According to PwC, for the three-month period ending Sept. 30, there were 39 deals with reported value of more than $50 million (totaling $17.6 billion in deal value) representing an increase of nearly 20% from the year-ago period. In terms of volume, 3Q2009 saw nine fewer deals (30) of more than $50 million with total deal value of $14.7 billion.

“The oil and gas sector continues to see a strong level of activity, despite lingering uncertainty regarding equity markets, relatively low commodity prices (particularly gas), and uncertainty surrounding relative currency values,” said PwC’s Michael Collier, U.S. leader of the energy M&A practice. “Not only are we seeing steady deal flow among corporates in the space, financial sponsors are starting to emerge again and we expect they will be major players this year and next. We’re optimistic for the remainder of 2010 and 2011, and the significant backlog of deals in the pipeline is generating a lot of activity.”

As in 2Q2010, upstream asset-focused deals dominated deal activity in 3Q2010, comprising 71% of deal volume and 57% percent of value. According to PwC, the relatively large volume of asset sales reflected the size of major upstream transactions, particularly in the shale plays.

“There is a healthy level of deal volume around divesting of noncore assets as companies look to maximize their return on capital deployed and raise funds to continue their development efforts, particularly in the shale plays,” said Collier. “As for the Gulf [of Mexico], players are in the process of deciding whether they will be in or out, and while the moratorium was technically lifted recently, there is still a de facto moratorium as permits remain difficult to secure. Drilling activity in the Gulf will take time to fill in, and we’re seeing capital budgets being set for 2011 that assume very low activity. Companies are actively working on the decision to either leave the Gulf or ride out the storm.”

Of the $17.6 billion in value, about one-quarter of the total involved shale gas plays, as some companies secured their position for the longer term, according to PwC. “Shales with higher liquid content like the Eagle Ford have been particularly attractive acquisition targets as companies look to take advantage of what many perceive to be a sustained period of low gas prices,” Collier said.

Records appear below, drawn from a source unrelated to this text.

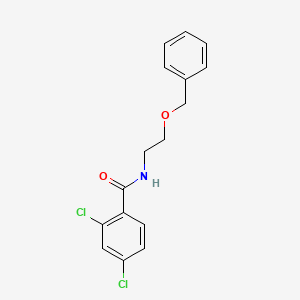 molecular formula C16H15Cl2NO2 B5162965 N-[2-(benzyloxy)ethyl]-2,4-dichlorobenzamide CAS No. 5929-33-9
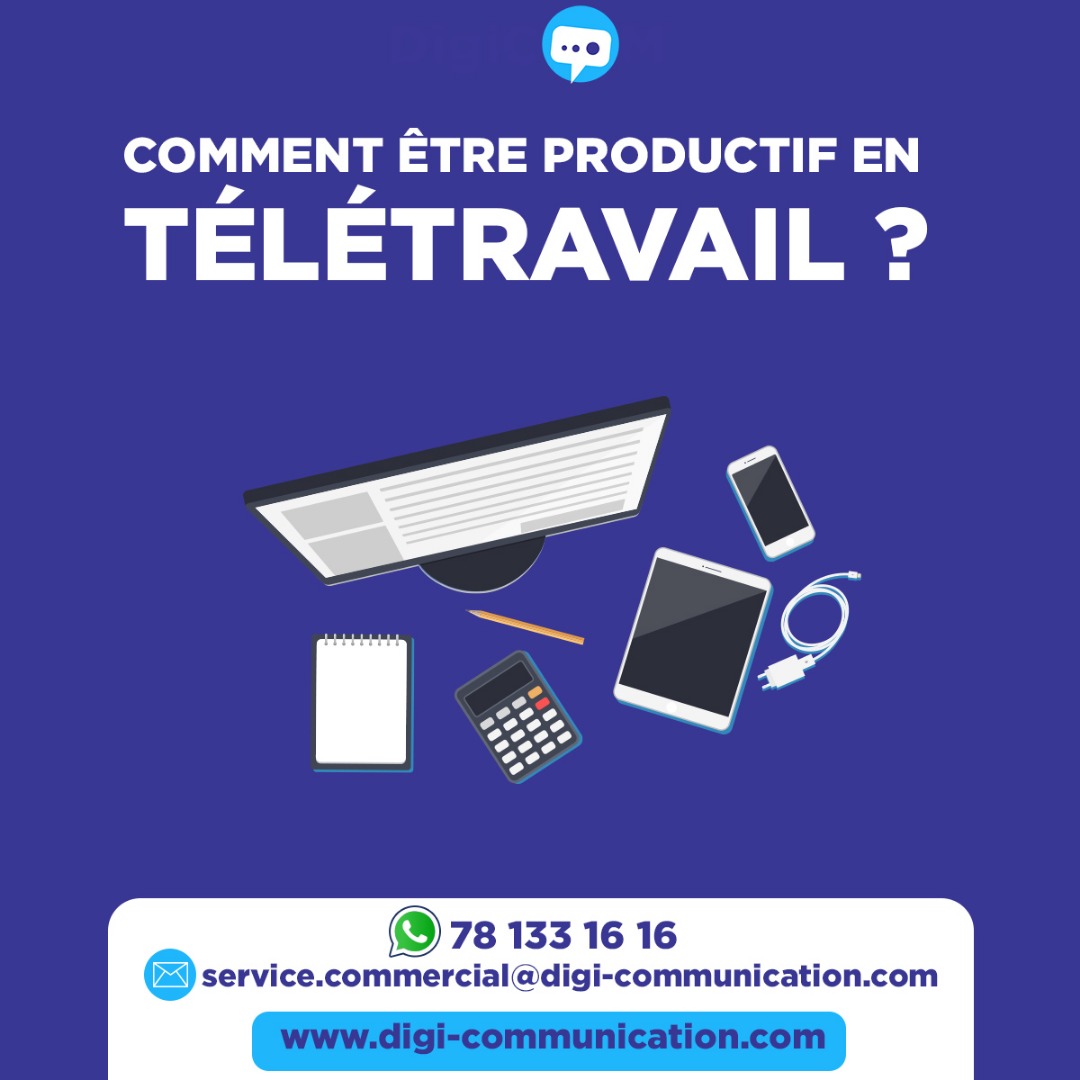 Comment être productif en télétravail ? 1. Aménagez un espace de travail dédié 2. Conservez vos habitudes 3. Fixez-vous des objectifs et communiquez 4. Apprenez à déconnecter 5. Établissez des règles de vie pour toute la famille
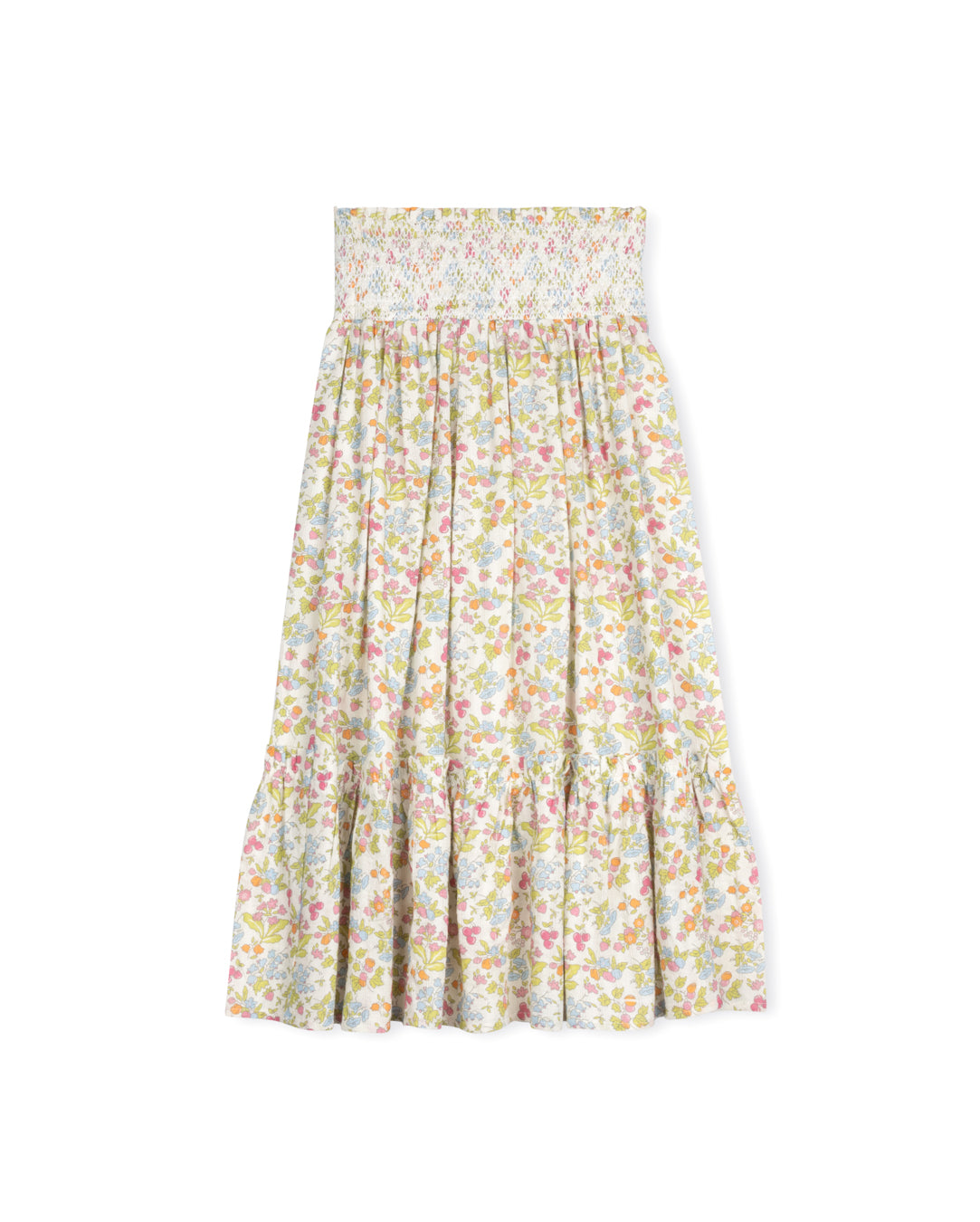 Tiered embroidered outlet skirt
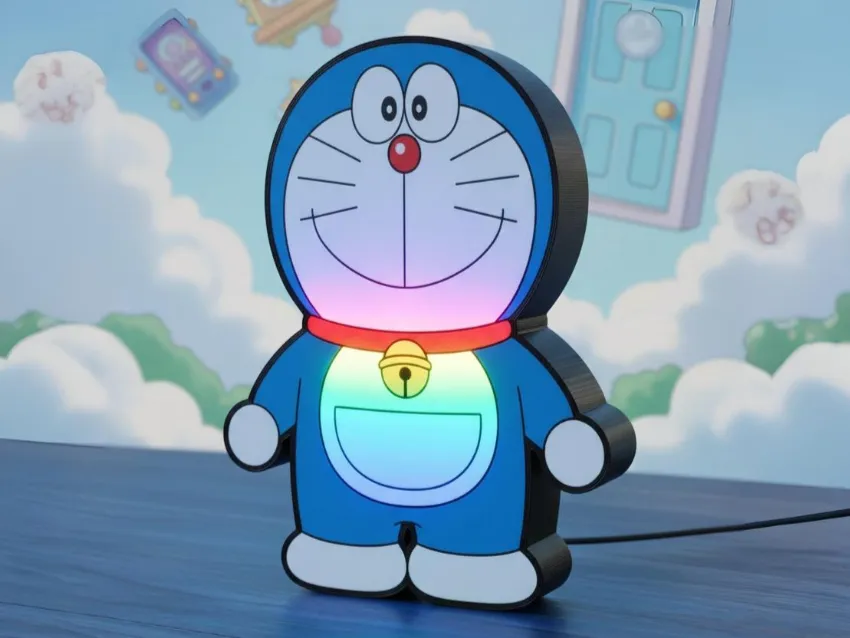 Doraemon Lightbox Lamp - Gotham3d | Nexprint: Free 3D Model Downloads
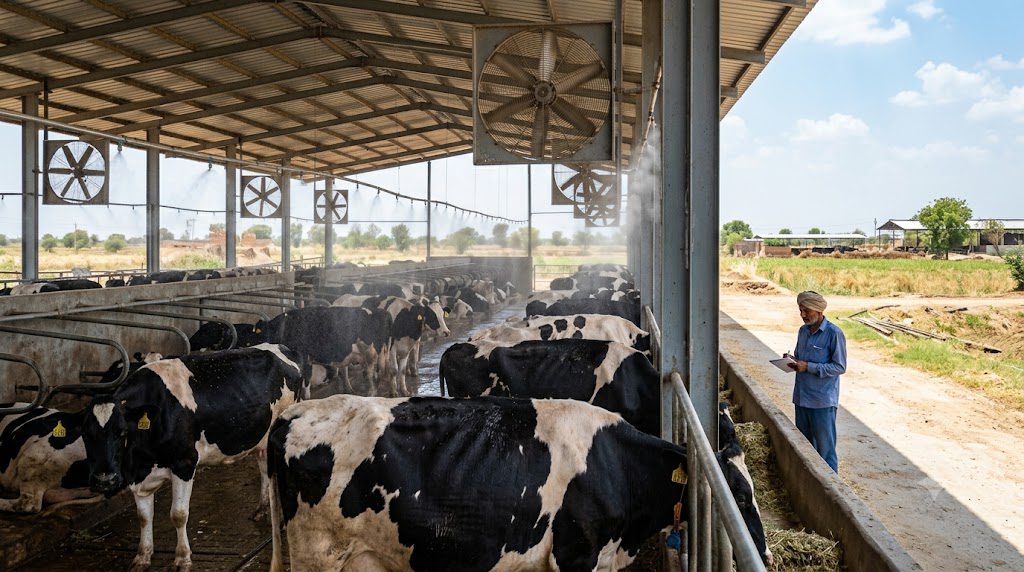 heat stress in cattle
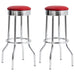 Theodore Upholstered Top Bar Stools Red and Chrome (Set of 2) - Imperial Furniture (Las Vegas, NV) - Multi Location
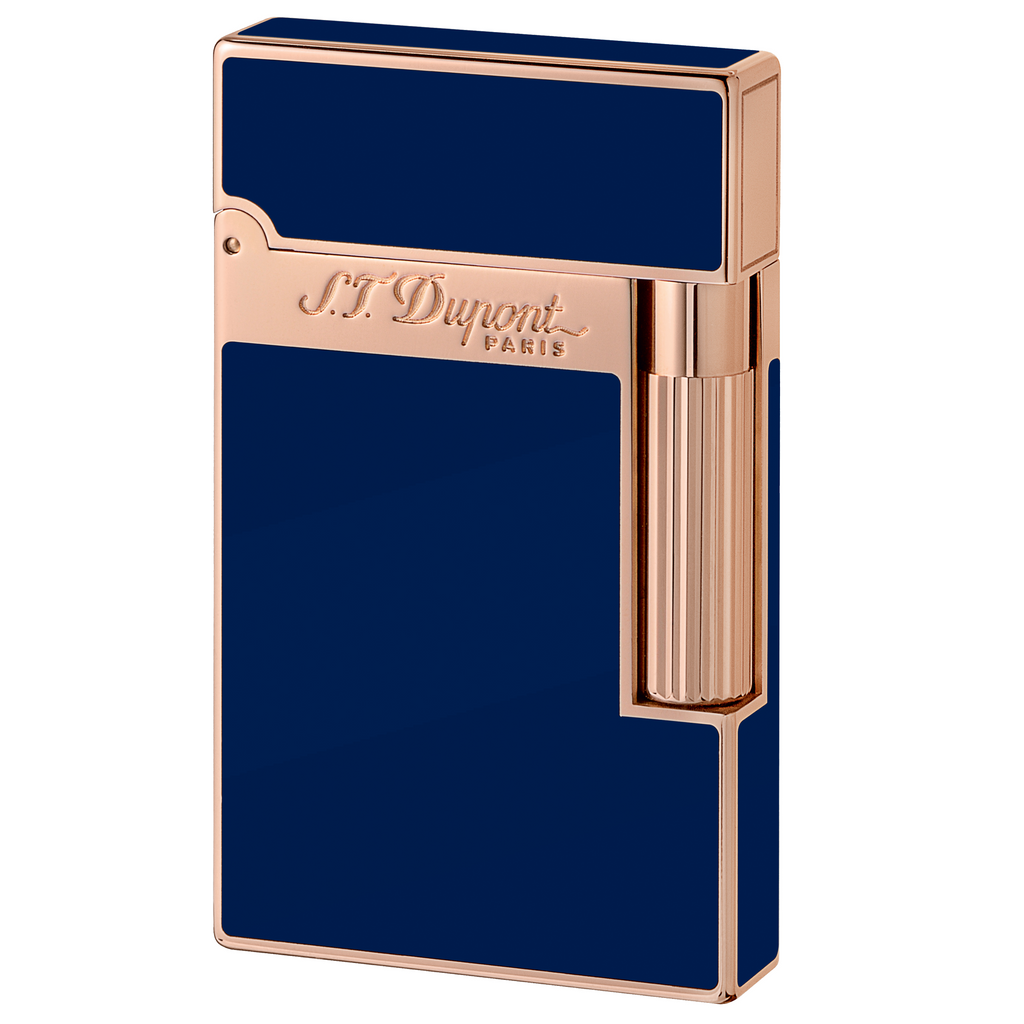 S.T. Dupont Ligne 2 Blue and Rose Gold Chinese Lacquer Lighter 16496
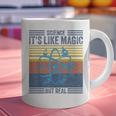 Science It's Like Magic But Real Science Teacher Geek Nerd Graphic Print Coffee Mug, Science Teacher Mugs, gift for family, gift for coworker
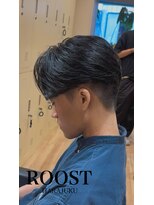 ルースト 原宿店(ROOST)&nbsp;センターパート/ニュアンスパーマ/フェザーパーマ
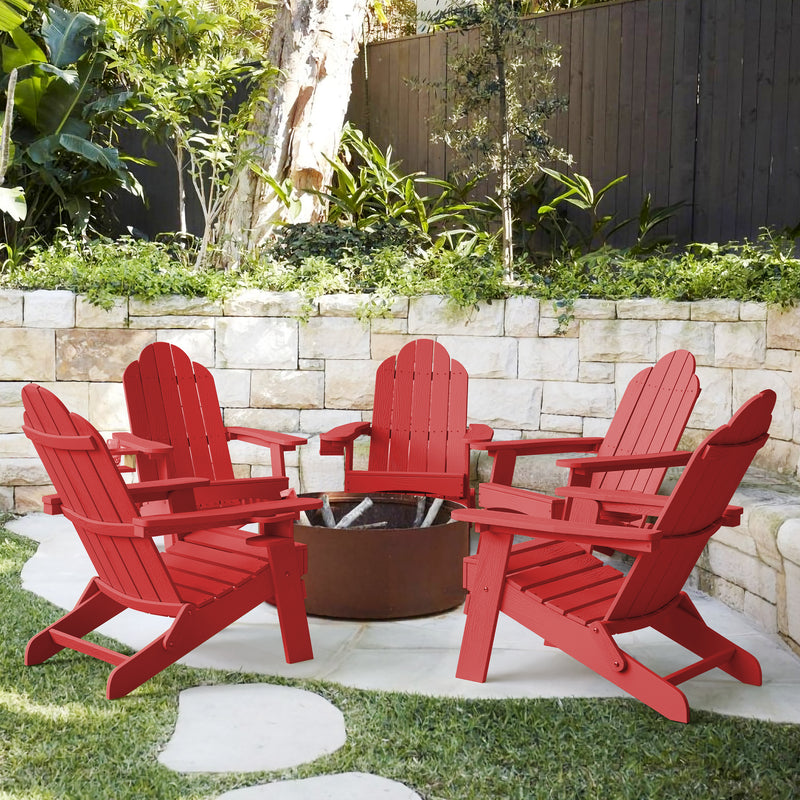 Miranda Foldable Adirondack Chairs with Cup Holders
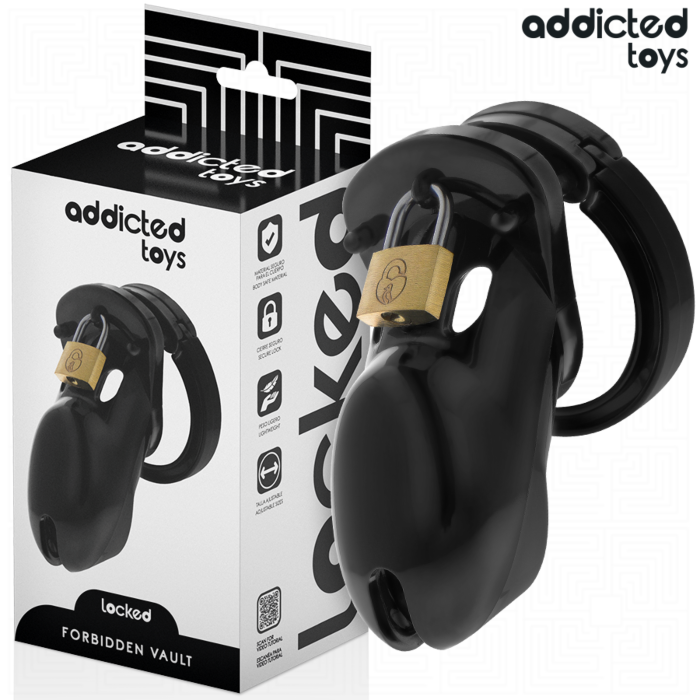BDSM Bur ADDICTED TOYS LOCKED FORBIDDEN VAULT 10 CM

In 3Q2010 the average value of deals for more than $50 million fell to $450 million from an average of $490 million in the year-ago period, demonstrating companies’ “ongoing focus” to optimize their portfolios. “While we’re seeing an increase in larger deals, the average deal value is not rising; in fact, it declined slightly. This alone doesn’t represent a significant trend, except that it’s relatively strong for the third quarter, which is historically a seasonally slow time for deals,” he said.

In the first nine months of this year PwC determined that there were 141 deals with reported value of more than $50 million, representing $100.4 billion, versus 70 deals with $34.9 billion in the first three quarters of 2009 — a 101% increase in volume and a 187% increase in value.

“Despite the possibility of tax increases in 2011, we aren’t seeing many deals rush to close before year-end,” said Collier. “Dealmakers remain conservative and are focused on creating value and avoiding costly mistakes. They are taking their time to make sure the value in the deal is protected, through careful diligence and thorough preparation before signing and close.

“We’re also seeing more attention paid to post-deal performance particularly in the first 100 days. As companies emerge from the financial crisis, it is clear they are very focused on operational excellence. The same seems to characterize M&A activities. As we head into the next energy M&A upcycle, it feels as though the bar has been set very high in terms of deal execution excellence.”